Richard Guo's PGConf.dev Synthesis and Formal Options Enumeration (v5)
Richard returns from PGConf.dev with a significant message that restructures the entire discussion. Rather than defending the lock-based predicate further, he steps back to present a neutral taxonomy of all possible approaches to the trigger-gap problem, explicitly soliciting community input. This is a deliberate widening of the design space after in-person conversations revealed "concerns" with approach (B).
Key new technical content
1. Concrete demonstration of the trigger gap on unpatched master
Richard provides a fully self-contained reproduction script (the show_gap() function called from DELETE ... RETURNING) that proves the trigger gap is observable today on stock PostgreSQL with no patch applied. This is pedagogically important: prior messages described the gap abstractly, but this is the first time the thread contains a copy-paste-runnable proof. The demonstration uses PL/pgSQL's SPI snapshot inside a RETURNING clause — a path that any reviewer can verify in seconds.

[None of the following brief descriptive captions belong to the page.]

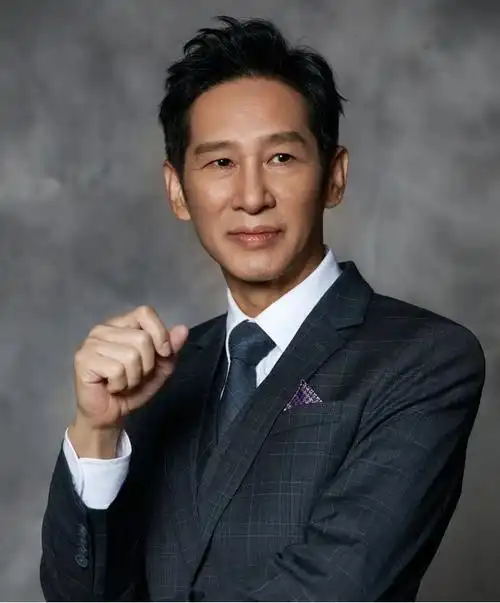 上一张下一张图片标题王劲松所属词条王劲松内容简介王劲松于1967年11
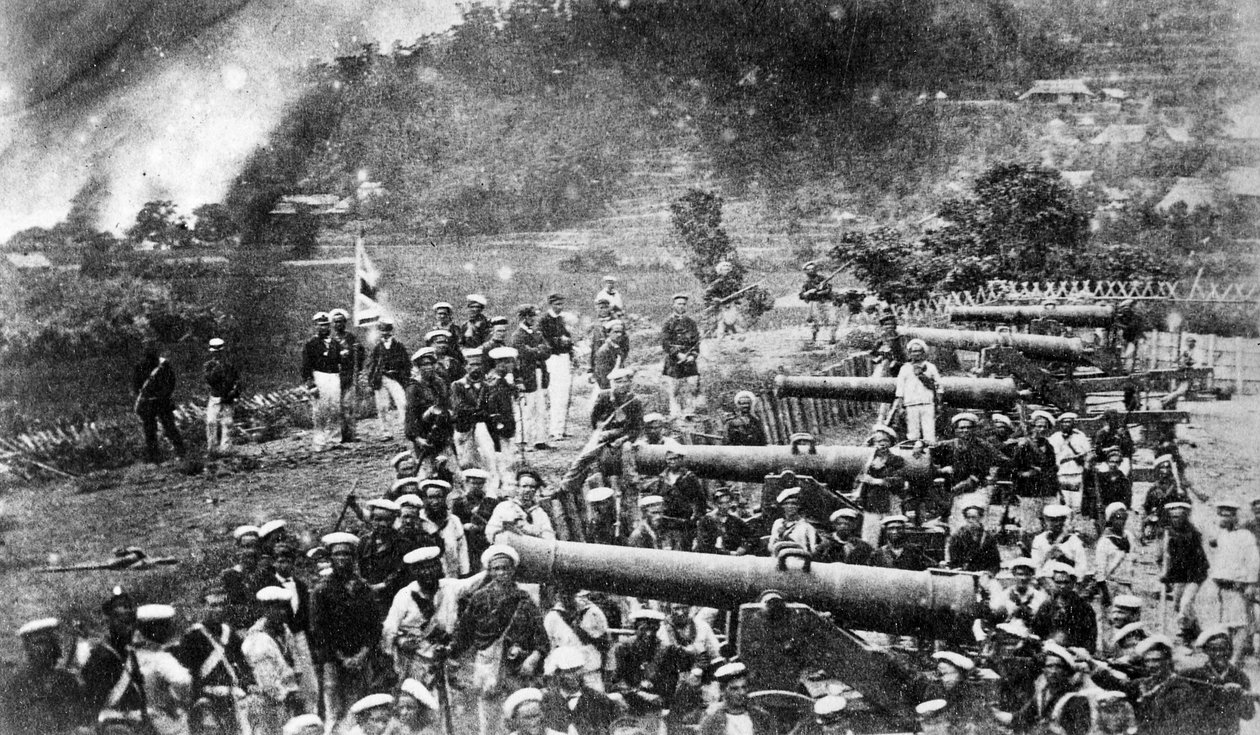 Frota combinada da Grã-Bretanha, América, França e Holanda ocupando os fortes de bateria em Shimonoseki, Japão, 1864 de Felice Beato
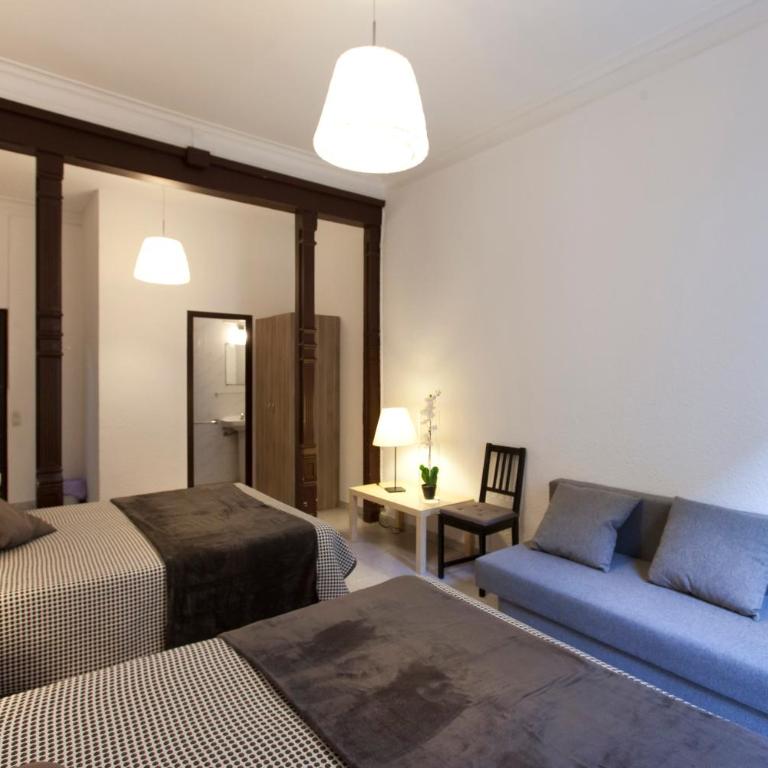 Hostal Dragonflybcn - Quadruple Room with Shower - 3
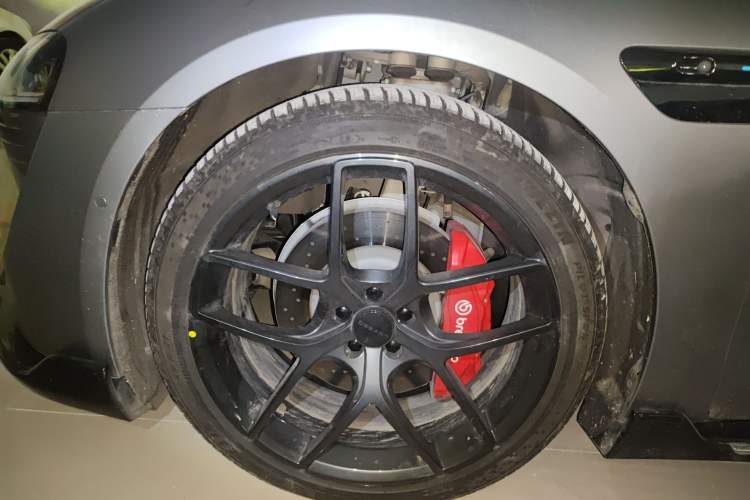 Used Hima Luxeed S7 2024 Max RS Four-Wheel-Drive Performance Edition Left Front Wheel Hub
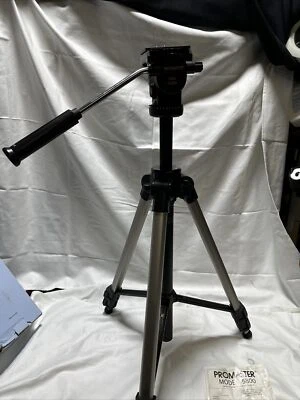 Vintage ProMaster 5800 Deluxe Camcorder Tripod With Fluid Panhead. Nice! - Image 1 of 4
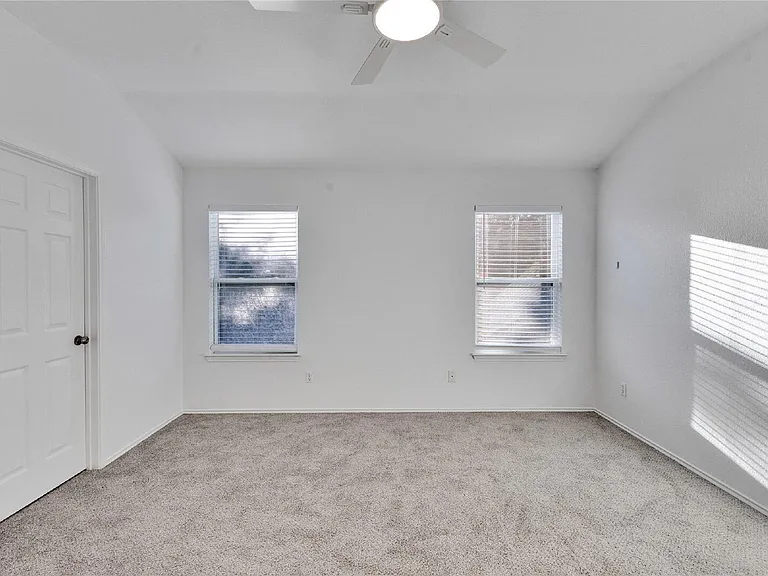 2607 Claudia Dr — Photo 16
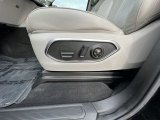 2022 Jeep Wagoneer Series II 4x4 Front Seat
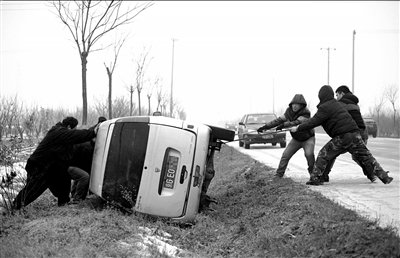 北京路面結冰致2000余起車禍 至少4人遇難(圖)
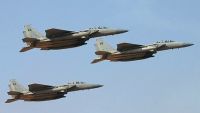 طيران التحالف يعاود قصفه مواقع عسكرية غرب مدينة عمران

2. Six enumerated approaches (A through F)
This is the first time all options have been laid out in a single message with explicit pros/cons:
- (A) Abandon the optimization entirely — the null option.
- (B) Lock-based predicate (current v4/v5-0002) — Richard now explicitly acknowledges the "replan storm" weakness:
choose_custom_plantrips on every invocation within a writing transaction, forcing replans even when the FK invariant actually holds for the current statement's snapshot. This is a new, previously-unmentioned cost of (B) that goes beyond the "false positive" discussion in prior analyses. - (C) Snapshot-anchored predicate — a new approach not previously discussed in the thread. The idea is to stamp each
SnapshotDatawith a bit indicating whether it was captured whileAfterTriggerPendingOnAnyRel()was true. This is maximally precise (only gap-born snapshots suppress the optimization) but contaminatessnapshot.hwith trigger-subsystem knowledge. - (D) Close the gap entirely — make FK enforcement synchronous or atomic. Richard acknowledges this would be the ideal long-term fix but flags it as "invasive and difficult."
- (E) Accept wrong results, document them — essentially a pragmatic "ship it broken" option for corner cases.
- (F) Something else — open-ended invitation.
3. Patch split into two parts (v5)
v5 is now structured as:
- 0001: Pure structural inner-join-removal logic, assuming FK invariant holds unconditionally. Includes the TABLESAMPLE fix from Alex's review.
- 0002: The lock-based predicate (option B) as a separable safety layer.
Richard explicitly states 0001 is not safe to commit alone — the split is for review ergonomics only. This is a mature engineering decision that allows the community to evaluate the optimization's correctness independently of the gap-handling strategy.
4. The "replan storm" problem (newly articulated)
Richard identifies a performance pathology in option (B) that was not previously discussed: for cached plans that benefited from FK removal, choose_custom_plan() will detect the RowExclusiveLock and force a custom plan on every execution within the writing transaction. This isn't a one-time replan — it's a per-execution overhead that persists for the transaction's lifetime. For connection-pooled OLTP workloads where transactions mix reads and writes, this could make the optimization actively harmful to latency variance.
What this message signals about project trajectory
Richard's neutral framing ("I'm not advocating any particular option") and the CC of PGConf.dev conversants suggests the lock-based predicate may not survive as the final approach. The snapshot-anchored predicate (C) is the most technically interesting new proposal — it trades architectural purity of SnapshotData for precision, eliminating both false positives and the replan storm. The thread is now at a decision point where committer input on architectural acceptability will likely determine direction.
Still unaddressed
- Tender Wang's iteration/phase-ordering question (inner removal unlocking subsequent left removal) — no response.
- The broader question of whether similar scan-level filters beyond TABLESAMPLE need guarding (foreign tables with LIMIT pushdown, etc.).